E del resto: convinti di “bilanciare il bianco”, se eliminiamo il sapore giallastro da parti fatte oggetto di una illuminazione ad incandescenza abbiamo ripristinato il “reale” o piuttosto abbiamo semplicemente riportato ciò che contingentemente rappresentava la percezione umanamente possibile? In ultima analisi: cosa è “naturale”?

Ogni veduta è condizionata sia dal cangiante apporto della luce sia dalla struttura dell’apparato visivo, sia esso umano od animale. In questo contesto, concetti come “caldo” e “freddo” più che fattori da calibrare in gradi Kelvin costituiscono preziosi elementi a disposizione del linguaggio. Ed anche il rapporto tra i colori può essere oggetto ad interpretazione che risponde a funzionalità espressive in parte disgiunte fa ciò che convenzionalmente viene definito “equilibrio”.
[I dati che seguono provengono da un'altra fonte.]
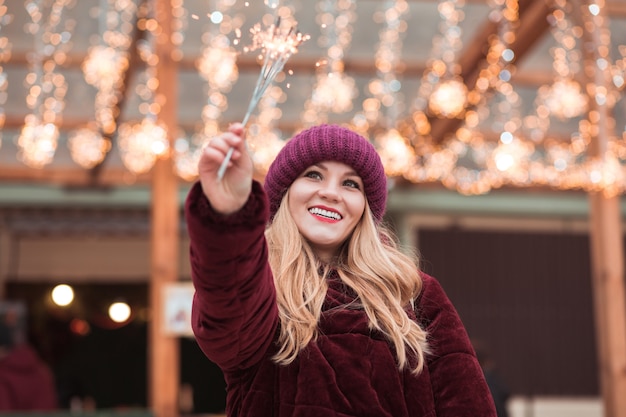 Blij blond meisje gekleed in stijlvolle kleding, met gloeiende sterretjes op de kerstmarkt in Kiev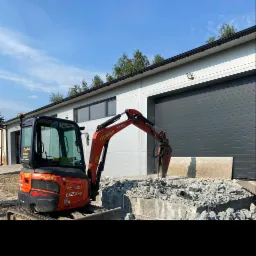 Pomarańczowa minikoparka Kubota z młotem hydraulicznym rozbija betonową konstrukcję na tle szarego budynku z bramami rolowanymi i błękitnego nieba.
Nella seconda mia fotografia qui riportata vediamo una sommaria (nel senso di governata da presupposti endogeni – riformulati in base alla specifica situazione – piuttosto che esogeni, ovvero rispondenti ad una indifferenziata applicazione di canoni prefissati) applicazione del già menzionato procedimento “teil orange”.

Tornando al concetto di equilibrio, in questo caso assistiamo ad una apparente dicotomia: se da un lato la contrapposizione marcata della coppia di colori blu ed arancio corrisponde ad un abbinamento ben codificato dalla pittura perché poggiante su presupposti tanto di “fisica percettiva” (impatto cerebroelaboratorio) quanto di “materica evidenza” (attenendo alle diverse reazioni scaturite dal mischiare od accostare i relativi pigmenti), tale abbinamento purtuttavia si situa in in ambito percepito quale “innaturale” se correlato alla visione originata sul posto.

Nella terza mia fotografia a corredo di questo articolo facciamo simultaneamente un passo indietro ed uno avanti. Uno indietro perché rinunziamo alla facoltà di giostrare con le possibilità combinatorie delle varie cromie. Uno avanti poiché se palesiamo un certo grado di “rispetto” per i colori che ciascuno poteva vedere recandosi presso il luogo, d’altro canto sottoponiamo a leggero trattamento parametri quali la saturazione, la luminanza, il contrasto.

È pertanto lecito  oppure no intervenire su saturazione, luminanza, contrasto? Si ruota dunque sempre attorno al concetto di “naturalità”. Concetto che si può afferrare ma non raggiungere. Afferrare in quanto corrisponde ad una categoria mentalmente codificabile. Raggiungere in quanto nella pratica applicazione ciò costituisce una utopia.

Abbiamo visto in questo brano scorrere sostantivi quali realtà, naturalità, equilibrio, rapporti.

Sarebbe fuorviante considerare ciascuno d’essi quale obiettivo da porsi tout court: anzi, proprio il perseguimento acritico di tali istanze può essere ostativo all’ottenimento di una estetica che nasca da una chiara consapevolezza di mezzi, scopi e risultati.

Un mondo non immemore dei presupposti, ma orientato all’espressione.